Konon, nama pesantren berkaitan dengan istilah shastri dari bahasa India yang berarti orang-orang yang memahami kitab-kitab suci agama Hindu, atau pakar kitab suci Hindu (Arifin, 1992:3, lihat pula Geert, 1960:78).
Pesantren merupakan lembaga pendidikan Islam yang dilaksanakan dengan sistem asrama (pondok) dengan kiai sebagai figur utama dan masjid sebagai pusat aktivitasnya. Seperti yang dikatakan oleh Raharjo (1985), bahwa pesantren sejak awal pertumbuhannya memiliki bentuk yang berbeda-beda antara satu dengan yang lain, sehingga tidak ada standarisasi yang berlaku bagi semua pesantren.

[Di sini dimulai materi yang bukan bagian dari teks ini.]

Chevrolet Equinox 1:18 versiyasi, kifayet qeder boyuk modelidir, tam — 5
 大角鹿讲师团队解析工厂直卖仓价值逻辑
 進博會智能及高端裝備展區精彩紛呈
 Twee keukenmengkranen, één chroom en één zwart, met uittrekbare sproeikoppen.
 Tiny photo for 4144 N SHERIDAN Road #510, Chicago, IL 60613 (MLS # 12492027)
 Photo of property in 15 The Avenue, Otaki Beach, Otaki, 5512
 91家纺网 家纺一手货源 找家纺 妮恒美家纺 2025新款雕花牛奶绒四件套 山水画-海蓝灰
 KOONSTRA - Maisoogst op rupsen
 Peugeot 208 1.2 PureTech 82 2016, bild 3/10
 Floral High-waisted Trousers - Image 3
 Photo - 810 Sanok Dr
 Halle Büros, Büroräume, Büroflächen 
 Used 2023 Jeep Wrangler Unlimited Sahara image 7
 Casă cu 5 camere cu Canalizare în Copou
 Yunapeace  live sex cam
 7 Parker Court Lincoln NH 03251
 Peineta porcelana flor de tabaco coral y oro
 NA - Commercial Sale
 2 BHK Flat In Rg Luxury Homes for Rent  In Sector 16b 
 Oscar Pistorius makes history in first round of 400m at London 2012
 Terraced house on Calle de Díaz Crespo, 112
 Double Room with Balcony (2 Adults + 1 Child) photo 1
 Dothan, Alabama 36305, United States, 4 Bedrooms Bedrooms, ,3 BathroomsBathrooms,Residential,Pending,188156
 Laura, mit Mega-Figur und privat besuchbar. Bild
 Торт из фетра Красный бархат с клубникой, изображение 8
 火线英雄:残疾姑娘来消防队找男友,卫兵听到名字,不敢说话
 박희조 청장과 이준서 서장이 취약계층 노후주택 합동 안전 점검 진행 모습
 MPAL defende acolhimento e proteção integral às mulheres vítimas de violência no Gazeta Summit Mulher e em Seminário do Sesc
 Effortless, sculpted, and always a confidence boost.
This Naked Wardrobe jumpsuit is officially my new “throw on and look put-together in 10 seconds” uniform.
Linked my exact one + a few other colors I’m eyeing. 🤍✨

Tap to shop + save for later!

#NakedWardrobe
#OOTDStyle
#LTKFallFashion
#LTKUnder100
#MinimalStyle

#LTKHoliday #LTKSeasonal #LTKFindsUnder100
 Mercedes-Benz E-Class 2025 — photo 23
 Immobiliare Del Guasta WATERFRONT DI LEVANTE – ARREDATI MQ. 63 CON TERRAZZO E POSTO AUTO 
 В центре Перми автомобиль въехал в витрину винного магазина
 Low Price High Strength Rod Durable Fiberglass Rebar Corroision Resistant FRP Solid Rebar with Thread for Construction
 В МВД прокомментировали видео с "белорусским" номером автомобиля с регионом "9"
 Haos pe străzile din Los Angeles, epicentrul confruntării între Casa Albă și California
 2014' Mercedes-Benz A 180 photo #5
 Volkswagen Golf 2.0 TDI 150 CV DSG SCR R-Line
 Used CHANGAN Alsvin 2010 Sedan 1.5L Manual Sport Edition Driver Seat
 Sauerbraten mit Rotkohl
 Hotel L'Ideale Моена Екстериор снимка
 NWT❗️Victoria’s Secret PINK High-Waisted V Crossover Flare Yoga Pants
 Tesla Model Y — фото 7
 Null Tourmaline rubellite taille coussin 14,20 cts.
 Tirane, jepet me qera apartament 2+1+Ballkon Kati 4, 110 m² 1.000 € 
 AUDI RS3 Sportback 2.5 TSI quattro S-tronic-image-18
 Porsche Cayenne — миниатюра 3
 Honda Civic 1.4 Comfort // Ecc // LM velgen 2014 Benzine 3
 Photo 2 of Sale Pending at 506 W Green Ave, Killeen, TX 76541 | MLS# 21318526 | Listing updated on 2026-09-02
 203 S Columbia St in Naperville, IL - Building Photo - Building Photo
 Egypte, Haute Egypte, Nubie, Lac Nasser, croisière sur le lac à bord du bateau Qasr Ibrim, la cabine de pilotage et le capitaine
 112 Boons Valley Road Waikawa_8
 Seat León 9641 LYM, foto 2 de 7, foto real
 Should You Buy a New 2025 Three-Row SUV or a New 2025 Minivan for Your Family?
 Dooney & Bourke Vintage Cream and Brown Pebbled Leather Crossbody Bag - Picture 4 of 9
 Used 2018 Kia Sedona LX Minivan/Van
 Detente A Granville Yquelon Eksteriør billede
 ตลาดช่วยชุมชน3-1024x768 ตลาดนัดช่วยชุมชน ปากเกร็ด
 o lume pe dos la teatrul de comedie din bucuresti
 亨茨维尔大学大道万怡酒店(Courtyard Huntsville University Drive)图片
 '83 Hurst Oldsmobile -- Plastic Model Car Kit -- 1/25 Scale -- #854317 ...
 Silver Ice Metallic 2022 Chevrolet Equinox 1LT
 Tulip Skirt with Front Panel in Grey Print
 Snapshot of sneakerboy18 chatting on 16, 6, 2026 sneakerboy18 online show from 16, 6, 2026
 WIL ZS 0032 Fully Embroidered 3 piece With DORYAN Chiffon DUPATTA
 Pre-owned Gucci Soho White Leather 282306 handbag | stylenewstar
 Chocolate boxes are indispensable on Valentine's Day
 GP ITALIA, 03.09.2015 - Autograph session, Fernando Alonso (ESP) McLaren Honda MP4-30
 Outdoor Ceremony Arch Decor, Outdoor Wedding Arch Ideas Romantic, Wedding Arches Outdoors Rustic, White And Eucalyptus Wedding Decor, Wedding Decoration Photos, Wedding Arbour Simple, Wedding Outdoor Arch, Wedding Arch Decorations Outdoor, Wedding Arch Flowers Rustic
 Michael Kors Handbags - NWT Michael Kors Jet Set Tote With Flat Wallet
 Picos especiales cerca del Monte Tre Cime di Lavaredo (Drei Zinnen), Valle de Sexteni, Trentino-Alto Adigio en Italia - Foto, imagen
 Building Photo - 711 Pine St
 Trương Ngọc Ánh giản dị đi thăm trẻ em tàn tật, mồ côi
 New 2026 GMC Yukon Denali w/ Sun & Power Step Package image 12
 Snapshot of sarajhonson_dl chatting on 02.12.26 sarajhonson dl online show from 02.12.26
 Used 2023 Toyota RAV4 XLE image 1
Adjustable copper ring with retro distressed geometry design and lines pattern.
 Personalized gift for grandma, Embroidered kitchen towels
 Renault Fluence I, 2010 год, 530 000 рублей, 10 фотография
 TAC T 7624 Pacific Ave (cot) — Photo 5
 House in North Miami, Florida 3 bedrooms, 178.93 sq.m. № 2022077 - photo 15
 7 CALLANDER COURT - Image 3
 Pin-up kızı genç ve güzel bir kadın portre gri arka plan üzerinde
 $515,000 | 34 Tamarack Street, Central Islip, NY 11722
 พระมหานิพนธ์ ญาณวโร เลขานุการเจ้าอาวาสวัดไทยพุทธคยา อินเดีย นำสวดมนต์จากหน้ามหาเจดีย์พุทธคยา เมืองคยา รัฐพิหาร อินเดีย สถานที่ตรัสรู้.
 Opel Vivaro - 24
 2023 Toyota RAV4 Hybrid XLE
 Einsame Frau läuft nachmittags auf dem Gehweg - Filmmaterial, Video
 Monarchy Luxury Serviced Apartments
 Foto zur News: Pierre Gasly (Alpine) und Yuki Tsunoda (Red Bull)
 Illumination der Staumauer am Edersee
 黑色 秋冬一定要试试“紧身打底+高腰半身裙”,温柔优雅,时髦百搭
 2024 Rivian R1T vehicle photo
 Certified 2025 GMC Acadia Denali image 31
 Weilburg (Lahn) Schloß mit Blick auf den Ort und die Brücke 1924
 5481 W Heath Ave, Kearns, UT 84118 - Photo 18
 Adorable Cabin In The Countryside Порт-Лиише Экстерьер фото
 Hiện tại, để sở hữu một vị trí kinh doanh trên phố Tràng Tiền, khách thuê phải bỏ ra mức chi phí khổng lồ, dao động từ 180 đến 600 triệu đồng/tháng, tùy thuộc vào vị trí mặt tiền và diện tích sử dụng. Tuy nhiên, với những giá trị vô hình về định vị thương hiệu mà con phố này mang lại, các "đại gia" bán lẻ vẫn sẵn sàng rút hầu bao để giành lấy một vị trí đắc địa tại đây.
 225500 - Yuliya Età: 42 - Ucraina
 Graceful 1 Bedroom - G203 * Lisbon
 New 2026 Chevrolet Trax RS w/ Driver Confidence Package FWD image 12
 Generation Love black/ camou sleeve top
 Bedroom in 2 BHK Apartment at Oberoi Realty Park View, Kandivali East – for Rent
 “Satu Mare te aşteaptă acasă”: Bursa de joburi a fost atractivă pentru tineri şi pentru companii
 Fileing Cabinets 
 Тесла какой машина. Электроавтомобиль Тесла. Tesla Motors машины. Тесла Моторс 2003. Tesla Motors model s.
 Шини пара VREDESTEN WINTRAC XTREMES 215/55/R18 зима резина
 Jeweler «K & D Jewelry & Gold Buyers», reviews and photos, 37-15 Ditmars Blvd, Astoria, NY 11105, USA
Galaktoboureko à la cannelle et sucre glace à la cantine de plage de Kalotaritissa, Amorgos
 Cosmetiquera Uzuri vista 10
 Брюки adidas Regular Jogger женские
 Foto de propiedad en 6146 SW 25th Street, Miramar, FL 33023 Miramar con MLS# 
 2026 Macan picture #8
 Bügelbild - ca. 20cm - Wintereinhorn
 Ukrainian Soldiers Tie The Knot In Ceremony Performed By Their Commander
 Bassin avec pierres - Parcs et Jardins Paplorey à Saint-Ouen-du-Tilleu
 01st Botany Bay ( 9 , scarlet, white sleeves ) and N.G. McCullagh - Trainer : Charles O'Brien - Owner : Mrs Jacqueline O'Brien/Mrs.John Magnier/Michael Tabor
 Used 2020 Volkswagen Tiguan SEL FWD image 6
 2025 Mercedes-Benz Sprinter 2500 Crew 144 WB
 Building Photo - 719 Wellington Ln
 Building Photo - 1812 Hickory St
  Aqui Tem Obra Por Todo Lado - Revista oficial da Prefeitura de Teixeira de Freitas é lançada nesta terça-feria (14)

Namun begitu, dalam proses pertumbuhan dan perkembangannya pesantren memiliki pola umum atau elemen umum yang menjadi ciri khasnya misalnya adanya: kiai, masjid, santri dan tempat tinggal santri (asrama), serta pengajian kitab kuning.
Disamping itu ada beberapa karakteristik pesantren yang secara umum meliputi: a). tidak ada batas umur bagi seseorang untuk nyantri (belajar di pesantren), b). tidak ada batas waktu dalam pendidikan (life long education), c). tidak ada ikatan (bebas) untuk memilih pengajian kitab sesuai yang diinginkan. Disamping itu secara umum ada pola yang sama dalam sebuah pesantren, yaitu, dari segi fisik yang terdiri dari empat komponen pokok yang selalu ada dalam setiap pesantren, misalnya: 1. kiai sebagai pimpinan, pendidik dan tokoh panutan, 2. santri sebagai peserta didik atau siswa, 3. masjid sebagai tempat berjama’ah shalat dan kegiatan belajar-mengajar, 4. pondok sebagai tempat tinggal santri. Sedangkan dari segi non-fisik, yaitu pengajian yang disampaikan dengan berbagai metode yang secara umum memiliki keragaman, meski tidak mendasar sifatnya.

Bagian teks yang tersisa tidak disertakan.